*** Opening of EXERCISE DATA ***

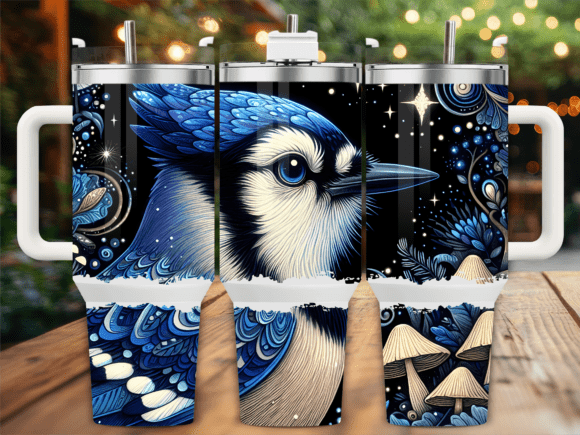 Blue Jay Forest Night Tumbler Wraps & Graphics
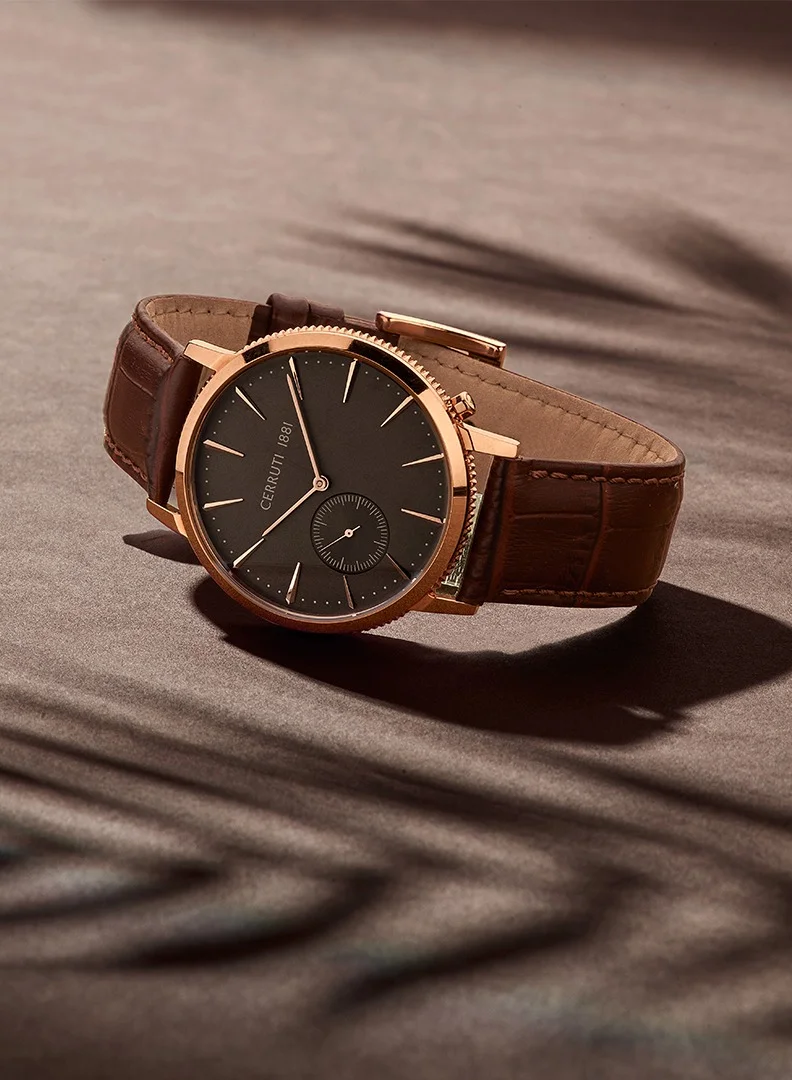 شيروتي 1881 Carano Men’s Rose Gold Case Grey Dial Brown Strap Watch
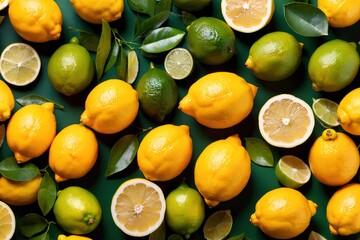 Wall Mural - Whole fresh lemons and limes with leaves, background pattern backdrop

*** Close of EXERCISE DATA ***

## WHAT IS REQUIRED:
Would you return the whole listing exactly, without the pictures?

## ANSWER FOR THE TASK:
 Blue Jay Forest Night Tumbler Wraps & Graphics
 شيروتي 1881 Carano Men’s Rose Gold Case Grey Dial Brown Strap Watch
 Wall Mural - Whole fresh lemons and limes with leaves, background pattern backdrop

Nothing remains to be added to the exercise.